Estimation de la rentabilité et de la profitabilité des opérations d'influence russes
Par M82_project
“Étoiles de David”, “mains rouges”, “affaire des cercueils”, M82 project s’est lancé dans une petite analyse des dernières opérations d’influence russes visant la France et en particulier le mode opératoire qui combine actions dans le monde physique et reprise numérique.
De quoi parle-t-on ?
Le mode opératoire étudié est celui dit des “tags”. En fin d’année 2023, de nouvelles actions hybrides apparaissent sur le territoire national. En l’espèce, des individus taguent ou utilisent des pochoirs pour diffuser leurs narratifs (anti-JO, étoiles de David, etc). Ces actions isolées sont ensuite relayées et amplifiées sur les réseaux sociaux puis dans la presse qui s’en fait largement l’écho.
TTP : “tags - pochoirs” + reprise RS + appels aux rédactions et articles.

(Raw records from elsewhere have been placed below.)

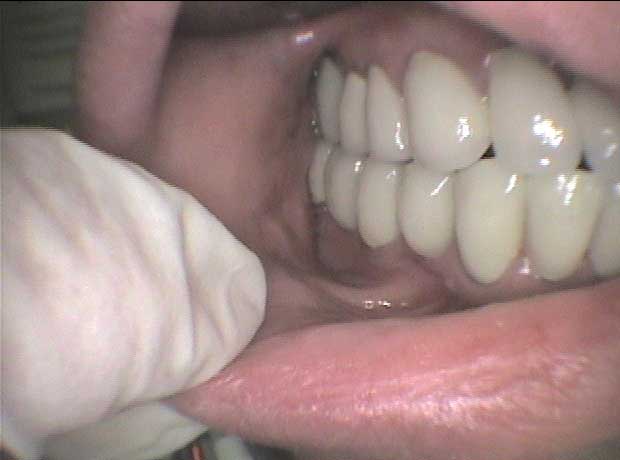 Rehabilitación en porcelana en Clínica Dental Vallecas (después - 2)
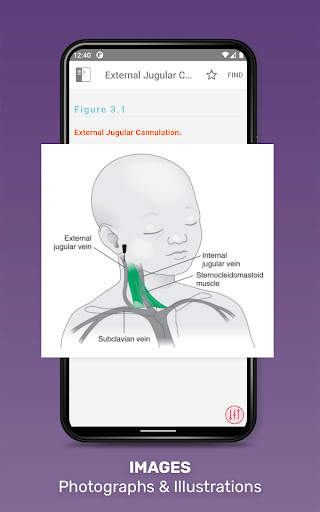 Harriet Lane Handbook App screenshot 11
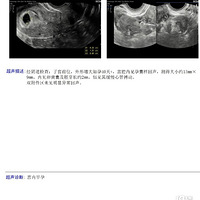 ��ʹС�ñ������������� [2023�����ռ�]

Il nous a semblé intéressant de tenter d’évaluer la rentabilité de ses opérations ainsi que la profitabilité. Se posant ainsi la question, il devient intéressant d’évaluer la riposte à consacrer à ce mode opératoire car dans la plupart des cas, dénoncer contribue à donner de la visibilité à un phénomène limité et concentré. Cette surexposition médiatique va ainsi nourrir l’heuristique de disponibilité et fixer dans nos mémoires des informations qui ne méritent pas franchement d’y rester.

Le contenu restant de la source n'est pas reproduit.